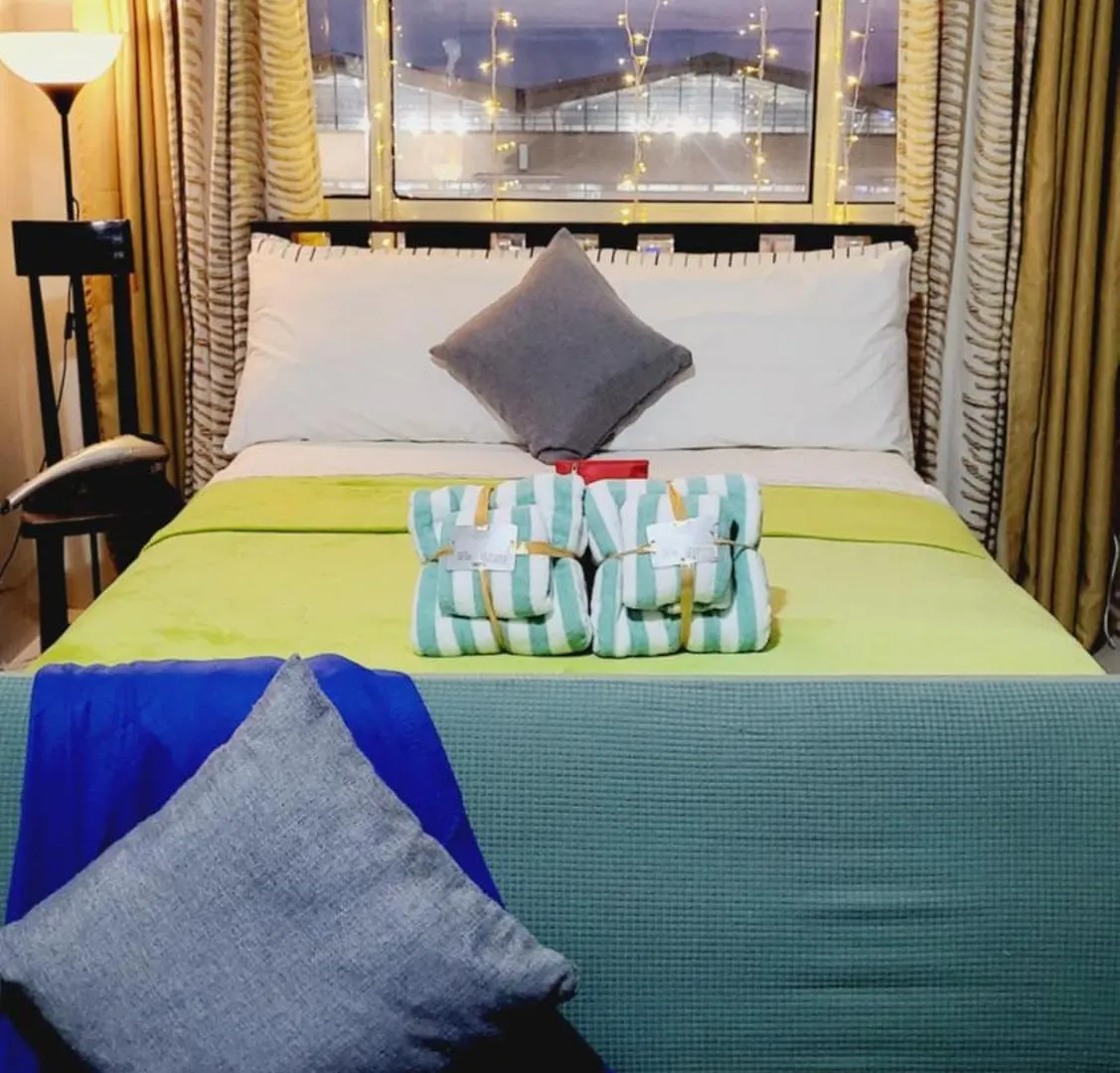 One Palm Tree Villas Condominium - Studio 7Th Fl With Balcony - Across Terminal 3 Airport Pasay 0*,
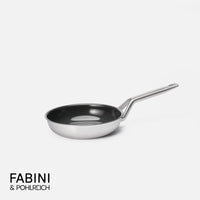 Pánev FABINI & Pohlreich 2.0, ø 20 cm - Nepřilnavá nerezová beznýtová pánev z vícevrstvé nerezové oceli bez poklice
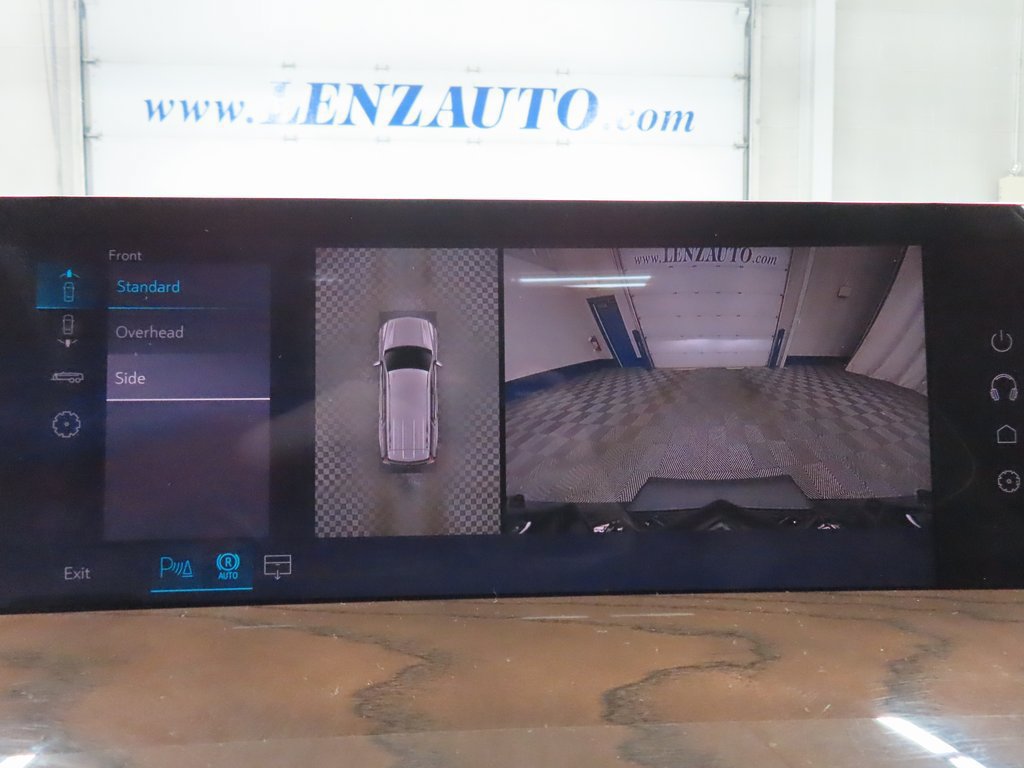 Used 2026 Cadillac Escalade Platinum Sport w/ LPO, Floor Liner Package AWD/4WD image 12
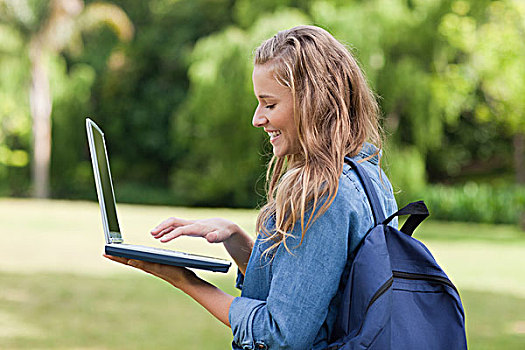 年轻,高兴,女孩,拿着,笔记本电脑,背包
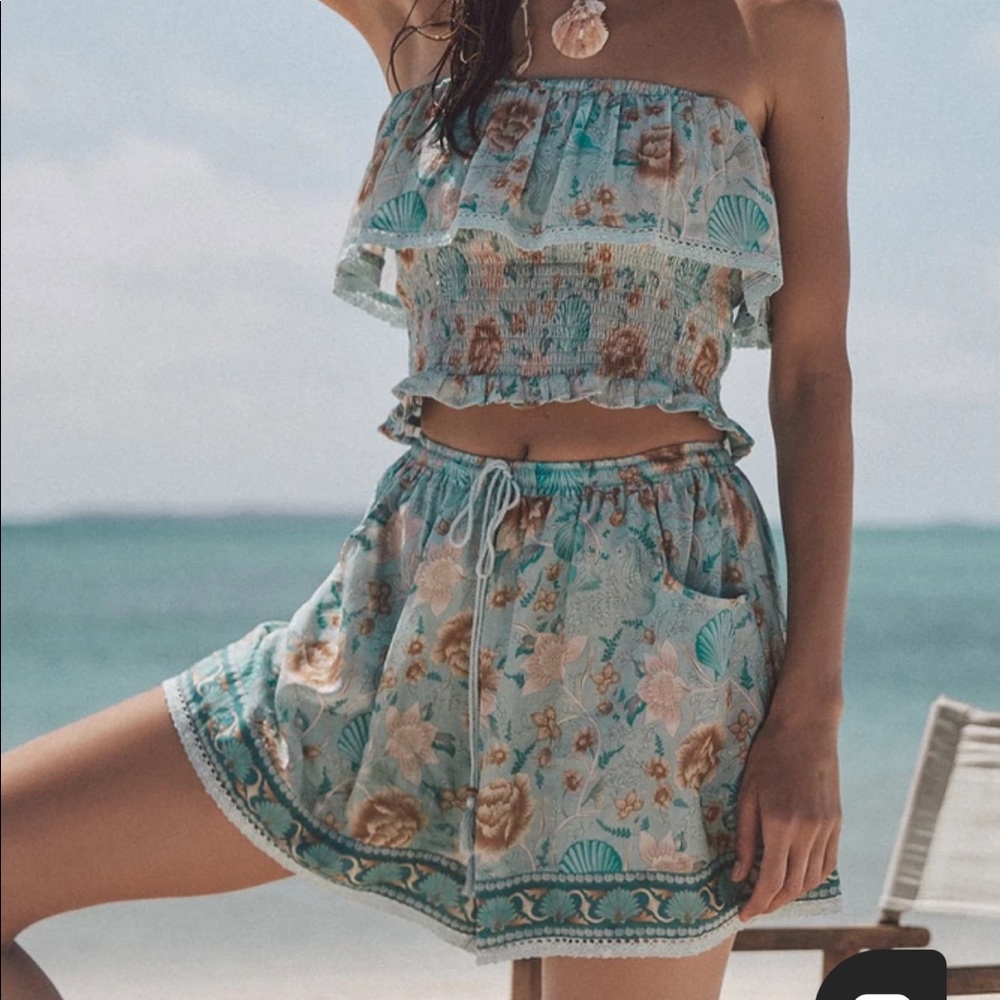 Spell SET: Seashell Top and Shorts - Picture 2 of 8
# # # #
Return every line shown above without changing a word, and skip the pictures.

 One Palm Tree Villas Condominium - Studio 7Th Fl With Balcony - Across Terminal 3 Airport Pasay 0*,
 Pánev FABINI & Pohlreich 2.0, ø 20 cm - Nepřilnavá nerezová beznýtová pánev z vícevrstvé nerezové oceli bez poklice
 Used 2026 Cadillac Escalade Platinum Sport w/ LPO, Floor Liner Package AWD/4WD image 12
 年轻,高兴,女孩,拿着,笔记本电脑,背包
 Spell SET: Seashell Top and Shorts - Picture 2 of 8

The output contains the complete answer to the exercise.